After Facebook owning up earlier this month to carrying 3,000 ads from 470 accounts run from a Russian “troll farm” linked to Kremlin, Twitter on Thursday acknowledged detecting 22 of those accounts active on its own platform, with links to 179 more; in all 201, which have since been shut down.
Twitter made a closed-door presentation to congressional investigators probing Russian interference in the 2016 elections, and in a blog tried to allay concerns raised by its admission, saying “we continue to investigate these issues, and will take action on anything that violates our” terms of service.

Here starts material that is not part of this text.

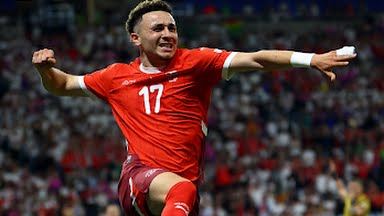 Penyerang Swiss Ndoye melakukan selebrasi usai mencetak gol ke gawang Jerman pada oe Penyisihan Grup A Euro 2024 di Stadion Deutsche Bank Park, Senin (24/6/2024). Dalam laga itu kedua tim bermain imbang 1-1. Foto:Reuters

But Mark Warner, ranking member of the US Senate intelligence committee whose staff had met Twitter officials earlier in the day, was unconvinced the microblogging site was up to the task. “The presentation that the Twitter team made to the Senate Intel staff today was deeply disappointing,” he said.
“The notion that their work was basically derivative, based upon accounts that Facebook had identified, showed an enormous lack of understanding from the Twitter team of how serious this issue is, the threat it poses to democratic institutions, and again, begs many more questions.”
Adam Schiff, ranking member of the House intelligence committee, which also met Twitter officials, was equally unimpressed by Twitter’s presentation. He said in a statement that Twitter’s catch came from analysis done by Facebook. It was clear, he said, Twitter had “significant forensic work to do on its own”.
Representatives of tech giants Facebook, Twitter and Google, facing increased scrutiny for their inability to detect Russian ads and attempts to distribute misinformation with the view to influencing the election outcome, are scheduled to testify later in the month in a public hearing.
Facebook told congressional investigators earlier in the month it had sold around $100,000 worth of ads to 470 accounts run out of a Russian company known to have worked with the government. These ads began appearing in 2015 and were aimed directly at Democratic candidate Hillary Clinton.
Ads saying Muslims supported Clinton were placed in parts of the United States known to be suspicious of Muslims; and some supporting Black Lives Matter, the civil rights movement, appeared in some black-dominated areas, whereas other ads warned Americans about such groups.
Facebook CEO Mark Zuckerberg had first dismissed reports that his site could have been used to influence the election — through fake news. And had called it a “crazy idea”. In a post on Wednesday, he said he regretted being dismissive about it. “This is too important an issue to be dismissive,” he wrote.
Fake news played a significant role in the last presidential election. A Washington DC pizzeria became a target of online ire flagged in fake news as a base of an alleged child abuse ring run by Hillary Clinton. A man armed with an assault rifle showed up outside one day to rescue the children.
That story had been circulated around on social media websites for weeks, and despite being debunked by fact-checkers and shown as fake by most news publications, it received a retweet even from the son of Michael Flynn, an aide of Donald Trump who was appointed and later fired as national security adviser.